Va poi ricordato che dal 1° gennaio 2016 i rapporti di collaborazione possono beneficiare di un percorso di emersione incentivata, che garantisce l'estinzione degli eventuali illeciti amministrativi in caso di assunzione a tempo indeterminato (e mantenimento in servizio per almeno 12 mesi) dell'ex collaboratore.

Tutti questi elementi fanno capire che, se da un lato il Jobs Act ha “stabilizzato” (o cercato di stabilizzare) la figura del lavoratore precedentemente impiegato mediante contratti flessibili o rapporti parasubordinati, dall’altro, questo dato “positivo”, è stato controbilanciato - per i call center (ma non solo) - dall’effetto distorsivo che ha prodotto nelle gare per il rinnovo dei servizi. Gli operatori di nuova costituzione, assumendo personale tramite l’incentivo (ovvero grazie all’esonero contributivo introdotto dalla passata legge di stabilità in favore delle imprese che hanno assunto lavoratori a tempo indeterminato nel periodo compreso tra il 1 gennaio e il 31 dicembre 2015), hanno potuto competere con un costo del lavoro notevolmente più basso rispetto alle aziende già presenti sul mercato. Il risultato è che l’operazione ha sicuramente finanziato nuovi posti di lavoro, ma ne ha compromessi altri.

A complicare la situazione, poi, ci ha pensato l’INPS, che ha deciso di inquadrare il settore dei call center come terziario, non più come industria. Questa risoluzione comporta che le aziende del settore non possano più chiedere gli ammortizzatori sociali ordinari, ma debbano contare solo su quelli “in deroga”, che hanno una durata inferiore e seguono un iter autorizzativo più complesso. Da ciò l’impossibilità, per molte società, di usufruire degli ammortizzatori sociali utili a riorganizzarsi e, di conseguenza, l’obbligo di licenziare.

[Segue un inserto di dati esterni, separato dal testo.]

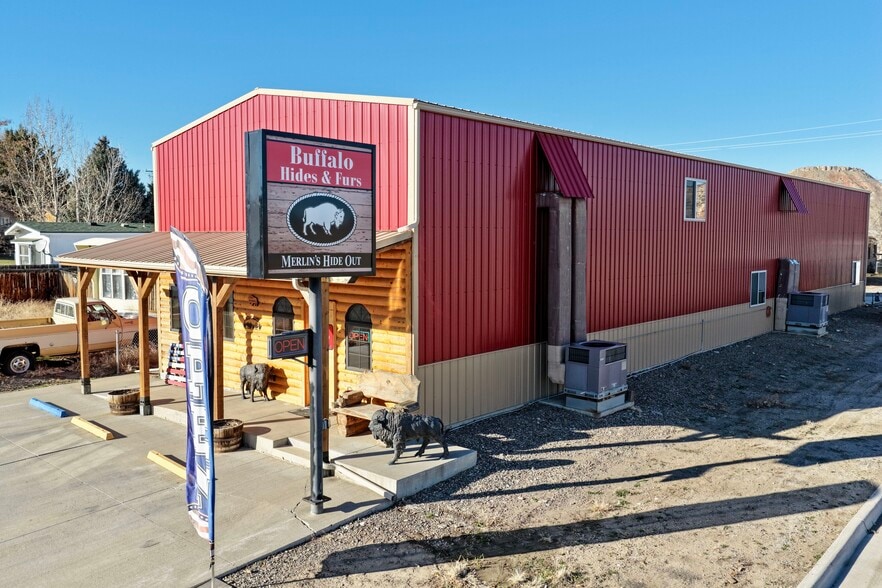 626 Richards St, Thermopolis, WY for sale - Building Photo - Image 2 of 27
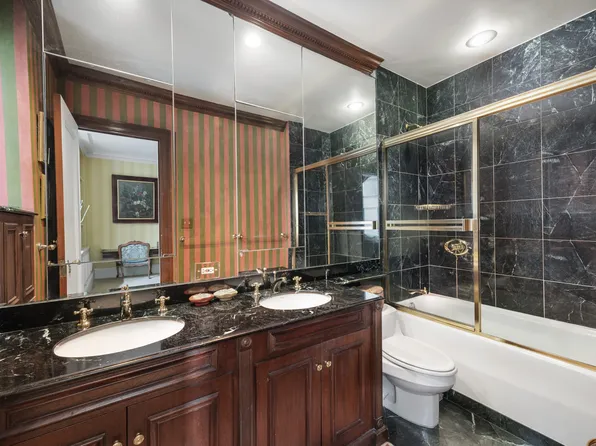 485 Park Avenue 1B image 9 of 9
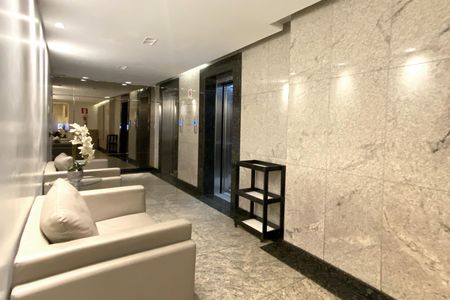 Apartamento à venda com 126m², 4 quartos e 1 vaga Apartamento à venda com 126m², 4 quartos e 1 vagaÁrea comum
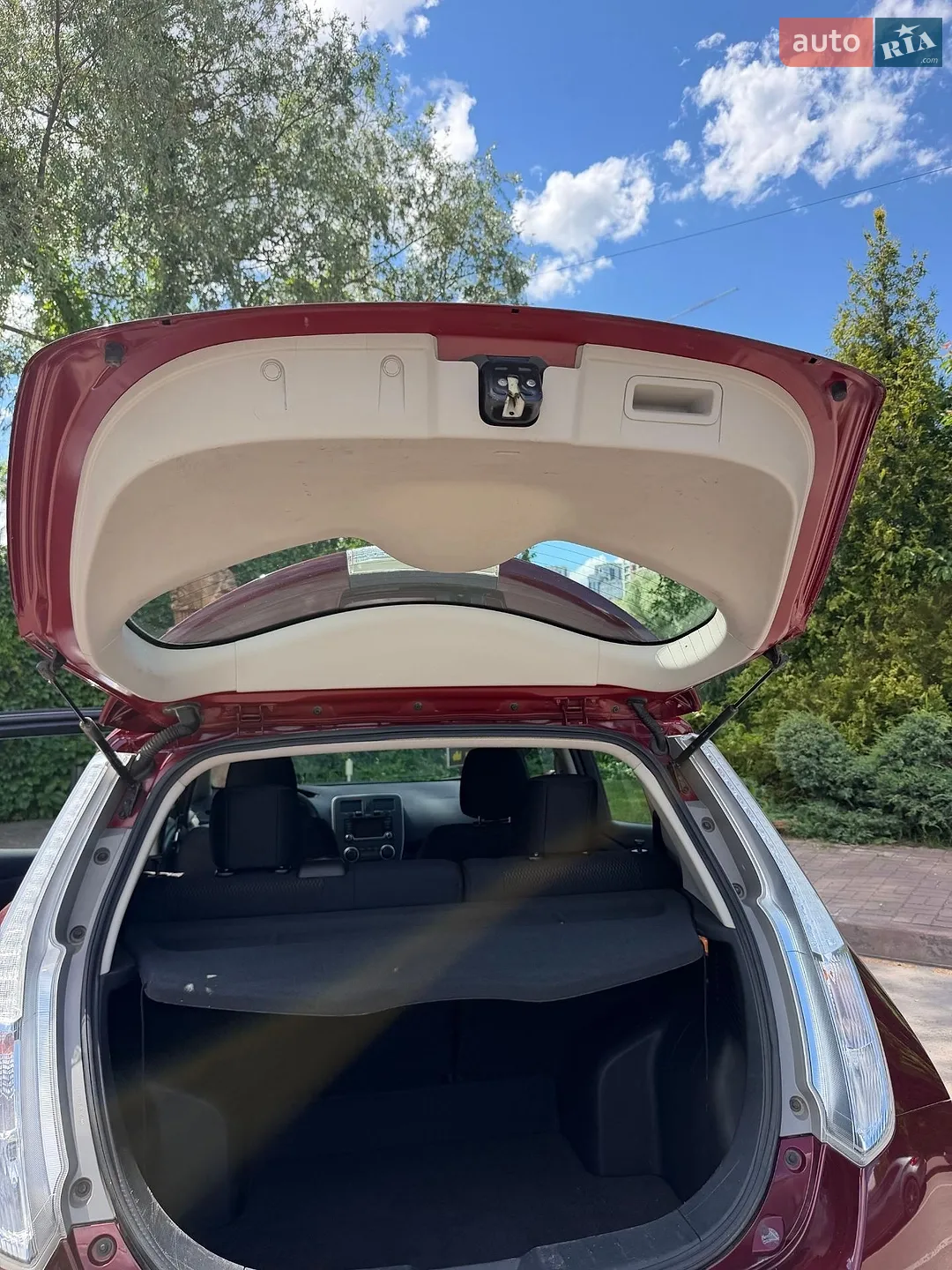 2016 Nissan Leaf - мініатюра 3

Il Dipartimento “Politiche del Lavoro” di Fratelli d’Italia-AN Basilicata auspica la risoluzione immediata della vertenza Datacontact, che non passi (solo) dalla rivendicazione della cosiddetta “clausola sociale” - ovvero del diritto per gli addetti di un servizio di call center di mantenere il posto di lavoro quando l’impresa committente decida di cambiare partner -, dal “divieto di delocalizzazione” delle commesse pubbliche o dall’aiuto temporaneo delle istituzioni di turno. Fondamentale, invece, è lo studio di soluzioni concrete (di concerto con gli organi comunitari) che mettano insieme lavoratori, aziende, sindacati e governo nazionale, e consentano di regolamentare in modo serio un settore sempre più in balìa del vortice della concorrenza, del mercimonio e del precariato.
Così in una nota Giuseppangelo Canterino, responsabile Dipartimento “Politiche del Lavoro” Fratelli d’Italia-A.N. Basilicata.